The westerly winds that traverse the region between the mid-latitudes and Antarctica hold significant importance in shaping both regional and global climates. These winds are key players in regulating the upwelling of carbon-rich deep water in the Southern Ocean, a process that profoundly affects the global carbon cycle. When these winds shift poleward, they can enhance upwelling and the release of carbon into the atmosphere, whereas an equatorward shift has the opposite effect. These wind shifts also wield considerable influence over the climate of mid-latitude regions, impacting temperature and precipitation patterns. Mountain glaciers, sensitive to changes in temperature and precipitation, respond to these wind movements, influencing their growth and retreat.
The transportation of dust by these westerly winds from mid-latitude regions like South America, Australia, or New Zealand to Antarctica is a well-documented phenomenon.
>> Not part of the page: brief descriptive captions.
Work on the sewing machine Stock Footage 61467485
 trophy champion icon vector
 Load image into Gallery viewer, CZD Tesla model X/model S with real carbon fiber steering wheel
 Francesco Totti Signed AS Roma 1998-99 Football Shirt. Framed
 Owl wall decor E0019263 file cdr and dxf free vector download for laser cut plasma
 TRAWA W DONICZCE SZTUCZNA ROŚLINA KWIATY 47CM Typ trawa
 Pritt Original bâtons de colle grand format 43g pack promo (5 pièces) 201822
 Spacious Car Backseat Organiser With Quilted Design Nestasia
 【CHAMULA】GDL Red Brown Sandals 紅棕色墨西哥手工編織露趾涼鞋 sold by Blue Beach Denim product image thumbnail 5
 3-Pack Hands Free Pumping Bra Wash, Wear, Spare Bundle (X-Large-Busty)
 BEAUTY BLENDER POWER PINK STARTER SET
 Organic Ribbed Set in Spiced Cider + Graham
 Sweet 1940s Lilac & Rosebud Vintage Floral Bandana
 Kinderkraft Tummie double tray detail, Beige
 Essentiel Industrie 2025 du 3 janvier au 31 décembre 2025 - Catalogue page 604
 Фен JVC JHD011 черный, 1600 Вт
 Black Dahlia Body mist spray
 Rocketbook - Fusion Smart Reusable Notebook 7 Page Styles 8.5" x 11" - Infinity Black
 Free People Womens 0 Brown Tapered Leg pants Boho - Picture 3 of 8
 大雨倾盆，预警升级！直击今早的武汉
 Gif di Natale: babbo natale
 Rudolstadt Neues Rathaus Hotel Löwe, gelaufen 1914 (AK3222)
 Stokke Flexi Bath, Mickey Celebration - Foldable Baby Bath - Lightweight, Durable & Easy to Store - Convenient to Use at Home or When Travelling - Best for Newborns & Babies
The measurement of dust concentrations in Antarctic ice provides vital insights into environmental conditions in these mid-latitude source regions, helping to distinguish between wet and dry conditions and shedding light on wind transport patterns. Elevated dust concentrations suggest winds positioned closer to the source regions, while reduced dust levels indicate winds located further away.
Roosevelt Island Climate Evolution (RICE) Ice Core
The Roosevelt Island Climate Evolution (RICE) ice core was obtained from Roosevelt Island in West Antarctica, between 2011-2013, as part of a collaborative effort involving nine nations. A New Zealand led project, headed by Prof. Nancy Bertler, aims to determine the stability of the Ross Ice Shelf in a warming world, thus improving estimates of contributions of the West Antarctic Ice Sheet to future sea level rise. This 764-meter-long core spans approximately 80,000 years and offers valuable insights due to its unique location near the Ross Sea, making it particularly sensitive to Southern Ocean and westerly wind dynamics.
Antarctica's Abrupt Increase in Dust 32,000 Years Ago
One intriguing finding from the RICE ice core analysis is an abrupt surge in dust concentration around 32,000 years ago, a period corresponding to a pronounced cooling phase often referred to as an ice age. This sudden increase in dust levels aligns with observations in other Antarctic ice cores, indicating a continent-wide phenomenon. Our study links this rise in dust supply to Antarctica with a shift in the westerly winds closer to the mid-latitude source regions. Simultaneous with this wind shift, the Southern Ocean's upwelling weakened, and atmospheric CO2 levels declined, signifying a significant impact on the global carbon cycle.
The study's Implications
The implications of this research are substantial. The abrupt nature of the wind shift highlights critical thresholds within the climate system. Once crossed, these thresholds can trigger rapid climate changes over a span of years or decades, a timescale relevant to human lifetimes. Such non-linear and abrupt climate transitions remain a challenge for climate models to capture accurately. Insights from studies like this one help bridge our understanding of rapid changes within the climate system.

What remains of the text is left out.